While legal documents filed with the District Court Feb. 5 didn’t state the grounds of the appeal, Fimke said it was statutory, meaning petitioners believe the contest court’s members misinterpreted or misapplied relevant laws.
“I can’t speak for the individual residents who joined the petition … but I think the general thought is, an election should be based on proper votes,” Fimke said. “And to the extent the district cannot establish that the election result is based on proper votes, it should be redone.”
Schools lament the setback
Highland plans to fight the appeal in court, according to Superintendent Ken Crawford who said the $15 million bond issue had “passed every legal test” and should be upheld, adding that mistakes on Election Day stemmed from poll worker errors beyond the schools’ control.
While a timeline on the case isn’t yet clear, Crawford said he worried the appeal process could delay the planned $15 million bond sale until after July 1, when legal authority for the current $2.70 debt service levy will come to an end.

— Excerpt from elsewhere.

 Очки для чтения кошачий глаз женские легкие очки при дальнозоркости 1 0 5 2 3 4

The district plans to ask a judge to expedite the case once it’s accepted by the court, but Crawford said decision-makers expected even a relatively quick case to last into the summer.
“While it may be a speedy process for the courts, I don’t know if a speedy process for the courts is speedy enough for the school district, that’s the thing that we do not know right now,” he said. “We cannot sell the bond until this is done … we still have two budget public hearings, and we have to kind of guess what the tax rate will be.”

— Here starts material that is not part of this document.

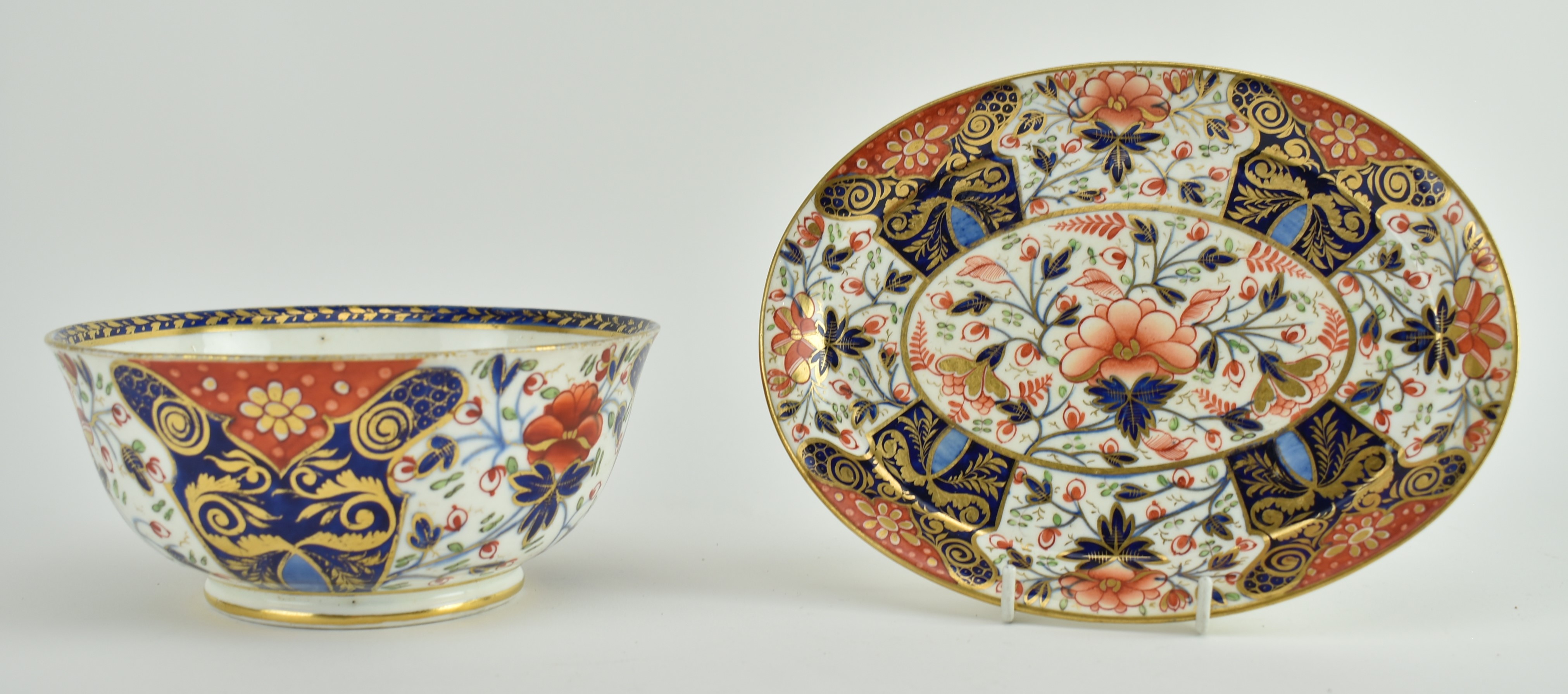 ROYAL CROWN DERBY - 18/19TH CENTURY IMARI TEA PART SERVICE - Image 13 of 16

There would be a number of implications to that kind of setback.
For one thing, school advocates pitched the latest $15 million bond referendum to voters as a major improvement to facilities that wouldn’t raise residents’ current taxes. If the debt service levy disappears overnight and the district loses the appeal in court, convincing voters to pass the same measure in a do-over election may prove challenging, especially if it doesn’t share a date with 2024’s turnout-boosting presidential race.
For another, Crawford said the planned renovations to Highland’s high school commons, construction of a multipurpose facility, addition of new classrooms, security upgrades to elementary school doors and other planned improvements may all grow more expensive than a $15 million bond can afford, as the schools await a legal resolution.
A similar case at the Avoca-Hancock-Shelby-Tenant Community School District in 2007 — which was cited as precedent during Highland’s contest court hearing — took two years to reach a conclusion, following a series of appeals that eventually reached the Iowa Supreme Court.
“We all know that costs on construction, cement, all that kind of stuff, don’t go down,” he said. “The longer this is, the less we’re going to be able to buy with our $15 million … we’re going to basically get less for our money, and that’s what’s going to hurt kids, and that’s what’s going to hurt families.”